## Records shown
● ● ● ●

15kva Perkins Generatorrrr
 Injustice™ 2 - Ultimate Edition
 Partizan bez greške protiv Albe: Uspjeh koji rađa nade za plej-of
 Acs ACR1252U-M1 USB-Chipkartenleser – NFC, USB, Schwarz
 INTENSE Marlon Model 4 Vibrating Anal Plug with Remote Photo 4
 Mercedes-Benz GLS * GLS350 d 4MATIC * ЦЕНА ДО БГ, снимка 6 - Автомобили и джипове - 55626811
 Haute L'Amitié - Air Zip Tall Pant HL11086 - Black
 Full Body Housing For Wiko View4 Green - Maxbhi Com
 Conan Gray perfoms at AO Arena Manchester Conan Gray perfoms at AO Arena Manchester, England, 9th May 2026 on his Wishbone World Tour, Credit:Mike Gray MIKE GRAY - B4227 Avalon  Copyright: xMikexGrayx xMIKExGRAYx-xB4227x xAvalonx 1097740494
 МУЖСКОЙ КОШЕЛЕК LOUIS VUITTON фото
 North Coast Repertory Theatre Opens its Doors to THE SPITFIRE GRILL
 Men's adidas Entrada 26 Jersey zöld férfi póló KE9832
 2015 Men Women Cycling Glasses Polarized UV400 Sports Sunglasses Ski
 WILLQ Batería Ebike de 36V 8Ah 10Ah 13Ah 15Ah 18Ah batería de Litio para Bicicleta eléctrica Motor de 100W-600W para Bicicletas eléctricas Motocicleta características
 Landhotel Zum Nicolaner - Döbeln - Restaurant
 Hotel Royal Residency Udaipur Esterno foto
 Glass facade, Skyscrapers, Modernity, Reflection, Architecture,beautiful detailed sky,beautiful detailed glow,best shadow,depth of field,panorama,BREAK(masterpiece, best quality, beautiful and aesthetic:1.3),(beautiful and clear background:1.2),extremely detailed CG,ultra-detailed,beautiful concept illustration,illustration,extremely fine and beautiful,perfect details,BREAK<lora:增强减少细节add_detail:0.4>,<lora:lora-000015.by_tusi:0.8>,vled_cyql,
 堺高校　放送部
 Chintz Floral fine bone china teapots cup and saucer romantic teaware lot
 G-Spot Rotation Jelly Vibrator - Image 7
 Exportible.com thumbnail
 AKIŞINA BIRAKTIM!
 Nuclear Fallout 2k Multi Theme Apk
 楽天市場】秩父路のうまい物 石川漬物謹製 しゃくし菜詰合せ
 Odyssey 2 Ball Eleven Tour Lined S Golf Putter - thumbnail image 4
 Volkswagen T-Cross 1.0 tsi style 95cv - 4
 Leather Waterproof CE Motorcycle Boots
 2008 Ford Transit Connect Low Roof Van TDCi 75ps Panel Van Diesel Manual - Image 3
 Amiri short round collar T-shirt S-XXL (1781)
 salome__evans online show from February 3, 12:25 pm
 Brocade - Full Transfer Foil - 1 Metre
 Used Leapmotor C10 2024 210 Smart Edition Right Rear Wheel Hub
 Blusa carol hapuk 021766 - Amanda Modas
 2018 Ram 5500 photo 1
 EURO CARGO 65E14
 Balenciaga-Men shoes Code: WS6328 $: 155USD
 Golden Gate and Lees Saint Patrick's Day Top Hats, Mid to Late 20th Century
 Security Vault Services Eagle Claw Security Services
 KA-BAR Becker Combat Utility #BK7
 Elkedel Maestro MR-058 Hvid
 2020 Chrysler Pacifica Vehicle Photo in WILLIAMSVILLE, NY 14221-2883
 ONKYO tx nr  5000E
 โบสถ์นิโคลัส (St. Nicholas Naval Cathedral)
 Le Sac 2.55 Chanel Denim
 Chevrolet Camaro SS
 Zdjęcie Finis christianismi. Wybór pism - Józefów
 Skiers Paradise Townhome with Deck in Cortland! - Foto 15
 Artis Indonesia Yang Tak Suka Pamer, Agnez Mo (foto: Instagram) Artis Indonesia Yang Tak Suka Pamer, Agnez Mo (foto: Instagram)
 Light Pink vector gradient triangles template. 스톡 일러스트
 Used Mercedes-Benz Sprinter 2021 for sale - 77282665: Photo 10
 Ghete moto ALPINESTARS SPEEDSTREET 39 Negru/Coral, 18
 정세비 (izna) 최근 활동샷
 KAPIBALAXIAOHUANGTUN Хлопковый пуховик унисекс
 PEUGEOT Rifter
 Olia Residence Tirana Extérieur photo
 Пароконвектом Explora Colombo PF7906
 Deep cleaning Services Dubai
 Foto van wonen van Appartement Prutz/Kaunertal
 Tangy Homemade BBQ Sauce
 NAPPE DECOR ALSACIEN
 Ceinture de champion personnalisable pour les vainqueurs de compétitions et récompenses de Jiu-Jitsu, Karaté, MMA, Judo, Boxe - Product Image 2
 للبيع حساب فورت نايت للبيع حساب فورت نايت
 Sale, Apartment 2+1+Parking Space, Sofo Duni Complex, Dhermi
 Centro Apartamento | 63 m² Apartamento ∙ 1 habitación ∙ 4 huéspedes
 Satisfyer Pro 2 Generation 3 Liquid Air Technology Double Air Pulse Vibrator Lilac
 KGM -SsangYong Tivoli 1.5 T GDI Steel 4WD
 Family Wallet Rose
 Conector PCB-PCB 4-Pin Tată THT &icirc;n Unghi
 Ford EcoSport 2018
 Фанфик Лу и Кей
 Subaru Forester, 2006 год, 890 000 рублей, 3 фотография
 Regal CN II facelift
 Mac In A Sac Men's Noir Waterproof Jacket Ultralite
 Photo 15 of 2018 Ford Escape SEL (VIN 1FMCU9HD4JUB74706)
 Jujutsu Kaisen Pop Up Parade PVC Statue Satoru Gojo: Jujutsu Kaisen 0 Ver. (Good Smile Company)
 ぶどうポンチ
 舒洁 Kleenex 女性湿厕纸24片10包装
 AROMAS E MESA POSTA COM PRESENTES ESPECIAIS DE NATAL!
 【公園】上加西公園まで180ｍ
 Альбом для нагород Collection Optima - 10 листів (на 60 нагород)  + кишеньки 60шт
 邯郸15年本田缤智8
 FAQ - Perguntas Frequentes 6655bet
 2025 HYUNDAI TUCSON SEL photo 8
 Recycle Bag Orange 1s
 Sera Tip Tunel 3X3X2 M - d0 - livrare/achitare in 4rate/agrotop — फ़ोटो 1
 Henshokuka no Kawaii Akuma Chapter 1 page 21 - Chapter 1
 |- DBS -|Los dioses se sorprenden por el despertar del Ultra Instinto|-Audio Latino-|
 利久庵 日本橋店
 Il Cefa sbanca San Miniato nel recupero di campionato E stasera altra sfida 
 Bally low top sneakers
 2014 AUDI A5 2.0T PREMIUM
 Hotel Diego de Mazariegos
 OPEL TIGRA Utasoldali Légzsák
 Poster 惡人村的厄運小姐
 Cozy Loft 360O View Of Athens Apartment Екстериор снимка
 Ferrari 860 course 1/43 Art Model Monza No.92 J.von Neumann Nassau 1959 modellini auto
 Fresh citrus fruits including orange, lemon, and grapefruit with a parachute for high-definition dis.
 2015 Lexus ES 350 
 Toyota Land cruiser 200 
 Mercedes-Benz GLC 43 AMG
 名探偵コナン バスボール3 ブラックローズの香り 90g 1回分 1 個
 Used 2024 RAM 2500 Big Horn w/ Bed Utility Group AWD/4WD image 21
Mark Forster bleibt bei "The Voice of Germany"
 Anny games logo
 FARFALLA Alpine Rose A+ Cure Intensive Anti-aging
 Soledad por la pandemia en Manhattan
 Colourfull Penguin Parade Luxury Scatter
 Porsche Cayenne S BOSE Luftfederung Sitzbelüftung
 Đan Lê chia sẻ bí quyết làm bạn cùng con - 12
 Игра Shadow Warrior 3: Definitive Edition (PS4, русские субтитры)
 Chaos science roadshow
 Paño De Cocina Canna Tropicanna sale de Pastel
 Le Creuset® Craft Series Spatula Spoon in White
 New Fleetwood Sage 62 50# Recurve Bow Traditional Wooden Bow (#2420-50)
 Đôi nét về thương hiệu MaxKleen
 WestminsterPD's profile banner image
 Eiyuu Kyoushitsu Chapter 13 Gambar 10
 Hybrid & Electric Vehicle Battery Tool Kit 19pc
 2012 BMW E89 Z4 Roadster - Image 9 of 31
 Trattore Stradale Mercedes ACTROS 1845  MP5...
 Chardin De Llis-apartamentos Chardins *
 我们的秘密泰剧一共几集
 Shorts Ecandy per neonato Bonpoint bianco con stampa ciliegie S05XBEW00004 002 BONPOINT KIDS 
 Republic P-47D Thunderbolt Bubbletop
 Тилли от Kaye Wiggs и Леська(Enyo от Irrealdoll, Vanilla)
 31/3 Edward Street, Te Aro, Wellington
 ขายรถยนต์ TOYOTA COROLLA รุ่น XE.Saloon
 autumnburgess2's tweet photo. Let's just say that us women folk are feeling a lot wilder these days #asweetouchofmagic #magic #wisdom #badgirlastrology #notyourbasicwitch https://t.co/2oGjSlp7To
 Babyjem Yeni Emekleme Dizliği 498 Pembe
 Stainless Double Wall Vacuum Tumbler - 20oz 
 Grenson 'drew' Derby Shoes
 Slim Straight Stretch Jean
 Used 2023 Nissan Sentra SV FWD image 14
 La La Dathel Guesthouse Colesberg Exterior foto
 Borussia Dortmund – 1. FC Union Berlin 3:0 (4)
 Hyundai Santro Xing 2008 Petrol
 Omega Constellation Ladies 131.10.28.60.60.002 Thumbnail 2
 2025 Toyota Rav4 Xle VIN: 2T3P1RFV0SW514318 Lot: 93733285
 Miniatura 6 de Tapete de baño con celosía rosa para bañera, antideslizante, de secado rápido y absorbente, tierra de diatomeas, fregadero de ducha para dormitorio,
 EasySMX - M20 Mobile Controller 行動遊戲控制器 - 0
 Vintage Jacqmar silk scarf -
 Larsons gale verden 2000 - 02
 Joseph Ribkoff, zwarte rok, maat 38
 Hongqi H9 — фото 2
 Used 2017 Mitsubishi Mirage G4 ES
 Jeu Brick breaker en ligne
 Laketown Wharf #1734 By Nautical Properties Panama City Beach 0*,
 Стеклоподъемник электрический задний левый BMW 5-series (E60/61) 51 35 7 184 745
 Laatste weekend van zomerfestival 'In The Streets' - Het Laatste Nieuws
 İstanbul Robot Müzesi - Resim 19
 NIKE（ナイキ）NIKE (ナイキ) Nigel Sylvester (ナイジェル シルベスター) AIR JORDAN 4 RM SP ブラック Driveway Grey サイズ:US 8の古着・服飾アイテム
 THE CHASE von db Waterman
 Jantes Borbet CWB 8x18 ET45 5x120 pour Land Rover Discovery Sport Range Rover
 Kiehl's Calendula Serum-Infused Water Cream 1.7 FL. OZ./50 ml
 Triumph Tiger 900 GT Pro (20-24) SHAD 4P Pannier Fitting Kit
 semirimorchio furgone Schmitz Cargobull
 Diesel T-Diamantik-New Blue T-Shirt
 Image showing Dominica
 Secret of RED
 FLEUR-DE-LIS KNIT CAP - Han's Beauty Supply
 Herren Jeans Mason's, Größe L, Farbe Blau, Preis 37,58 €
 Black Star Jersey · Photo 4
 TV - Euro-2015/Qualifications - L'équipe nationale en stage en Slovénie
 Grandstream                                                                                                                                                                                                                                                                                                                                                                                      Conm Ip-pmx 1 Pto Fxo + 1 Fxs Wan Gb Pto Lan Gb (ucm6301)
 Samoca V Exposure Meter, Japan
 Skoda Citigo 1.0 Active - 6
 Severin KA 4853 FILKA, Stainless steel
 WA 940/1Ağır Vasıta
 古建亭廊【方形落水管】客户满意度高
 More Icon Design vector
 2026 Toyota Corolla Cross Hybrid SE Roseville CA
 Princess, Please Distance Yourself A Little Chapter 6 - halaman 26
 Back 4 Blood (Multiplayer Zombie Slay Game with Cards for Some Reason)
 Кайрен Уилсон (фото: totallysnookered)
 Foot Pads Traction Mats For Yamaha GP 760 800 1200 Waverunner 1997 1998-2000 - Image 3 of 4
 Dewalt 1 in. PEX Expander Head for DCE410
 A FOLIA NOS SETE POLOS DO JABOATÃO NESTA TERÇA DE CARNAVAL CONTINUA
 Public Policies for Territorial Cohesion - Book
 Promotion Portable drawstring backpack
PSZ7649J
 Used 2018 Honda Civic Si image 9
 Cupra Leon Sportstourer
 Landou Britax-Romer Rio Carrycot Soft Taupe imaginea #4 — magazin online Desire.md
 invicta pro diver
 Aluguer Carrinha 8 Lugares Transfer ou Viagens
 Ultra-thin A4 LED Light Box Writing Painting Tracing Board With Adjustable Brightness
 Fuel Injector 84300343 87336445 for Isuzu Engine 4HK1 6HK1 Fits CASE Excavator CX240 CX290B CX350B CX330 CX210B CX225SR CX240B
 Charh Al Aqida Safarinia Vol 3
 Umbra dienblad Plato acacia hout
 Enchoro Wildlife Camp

● ● ● ●

How many lines in this material contain the string "Hybrid"? Only the number is wanted.

2